Therapeutic inhibition of the miR-34 family (miR-34a,-b,-c), or miR-34a alone, have emerged as promising strategies for the treatment of cardiac pathology. However, before advancing these approaches further for potential entry into the clinic, a more comprehensive assessment of the therapeutic potential of inhibiting miR-34a is required for two key reasons. First, miR-34a has ∼40% fewer predicted targets than the miR-34 family. Hence, in cardiac stress settings in which inhibition of miR-34a provides adequate protection, this approach is likely to result in less potential off-target effects. Secondly, silencing of miR-34a alone may be insufficient in settings of established cardiac pathology. We recently demonstrated that inhibition of the miR-34 family, but not miR-34a alone, provided benefit in a chronic model of myocardial infarction. Inhibition of miR-34 also attenuated cardiac remodeling and improved heart function following pressure overload, however, silencing of miR-34a alone was not examined. The aim of this study was to assess whether inhibition of miR-34a could attenuate cardiac remodeling in a mouse model with pre-existing pathological hypertrophy. Mice were subjected to pressure overload via constriction of the transverse aorta for four weeks and echocardiography was performed to confirm left ventricular hypertrophy and systolic dysfunction. After four weeks of pressure overload (before treatment), two distinct groups of animals became apparent: (1) mice with moderate pathology (fractional shortening decreased ∼20%) and (2) mice with severe pathology (fractional shortening decreased ∼37%).

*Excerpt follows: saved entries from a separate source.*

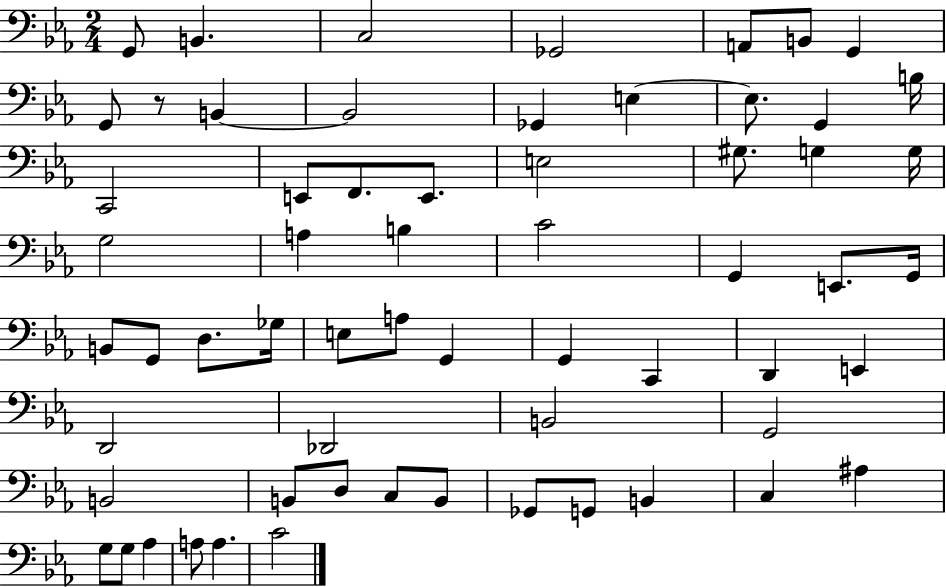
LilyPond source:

{
  \clef bass
  \numericTimeSignature
  \time 2/4
  \key ees \major
  g,8 b,4. | c2 | ges,2 | a,8 b,8 g,4 | \break g,8 r8 b,4~~ | b,2 | ges,4 e4~~ | e8. g,4 b16 | \break c,2 | e,8 f,8. e,8. | e2 | gis8. g4 g16 | \break g2 | a4 b4 | c'2 | g,4 e,8. g,16 | \break b,8 g,8 d8. ges16 | e8 a8 g,4 | g,4 c,4 | d,4 e,4 | \break d,2 | des,2 | b,2 | g,2 | \break b,2 | b,8 d8 c8 b,8 | ges,8 g,8 b,4 | c4 ais4 | \break g8 g8 aes4 | a8 a4. | c'2 | \bar "|."
}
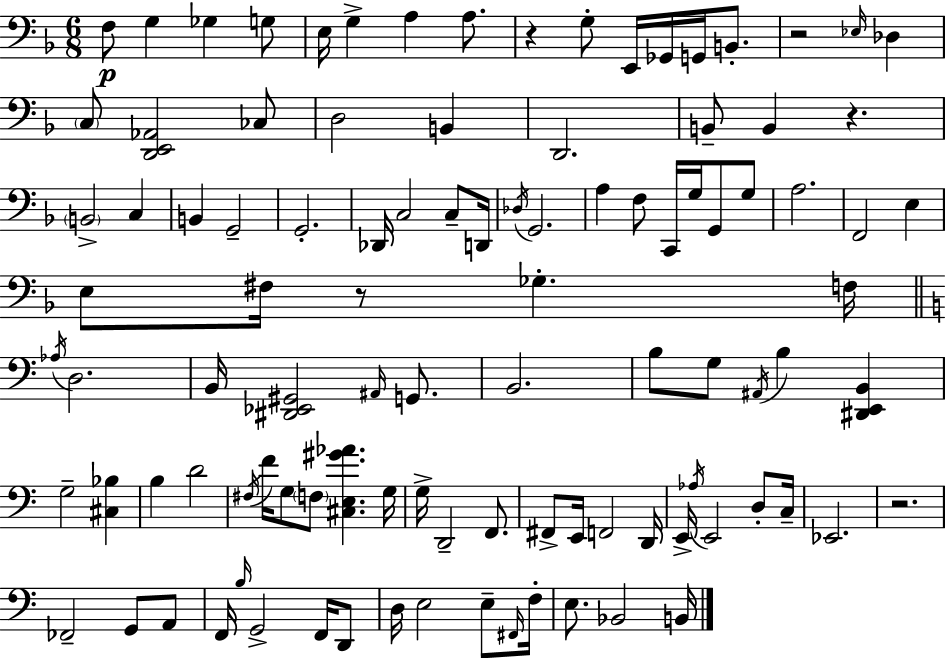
X:1
T:Untitled
M:6/8
L:1/4
K:Dm
F,/2 G, _G, G,/2 E,/4 G, A, A,/2 z G,/2 E,,/4 _G,,/4 G,,/4 B,,/2 z2 _E,/4 _D, C,/2 [D,,E,,_A,,]2 _C,/2 D,2 B,, D,,2 B,,/2 B,, z B,,2 C, B,, G,,2 G,,2 _D,,/4 C,2 C,/2 D,,/4 _D,/4 G,,2 A, F,/2 C,,/4 G,/4 G,,/2 G,/2 A,2 F,,2 E, E,/2 ^F,/4 z/2 _G, F,/4 _A,/4 D,2 B,,/4 [^D,,_E,,^G,,]2 ^A,,/4 G,,/2 B,,2 B,/2 G,/2 ^A,,/4 B, [^D,,E,,B,,] G,2 [^C,_B,] B, D2 ^F,/4 F/4 G,/2 F,/2 [^C,E,^G_A] G,/4 G,/4 D,,2 F,,/2 ^F,,/2 E,,/4 F,,2 D,,/4 E,,/4 _A,/4 E,,2 D,/2 C,/4 _E,,2 z2 _F,,2 G,,/2 A,,/2 F,,/4 B,/4 G,,2 F,,/4 D,,/2 D,/4 E,2 E,/2 ^F,,/4 F,/4 E,/2 _B,,2 B,,/4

Mice were administered locked nucleic acid (LNA)-antimiR-34a or LNA-control with an eight week follow-up. Inhibition of miR-34a in mice with moderate cardiac pathology attenuated atrial enlargement and maintained cardiac function, but had no significant effect on fetal gene expression or cardiac fibrosis. Inhibition of miR-34a in mice with severe pathology provided no therapeutic benefit. Thus, therapies that inhibit miR-34a alone may have limited potential in settings of established cardiac pathology.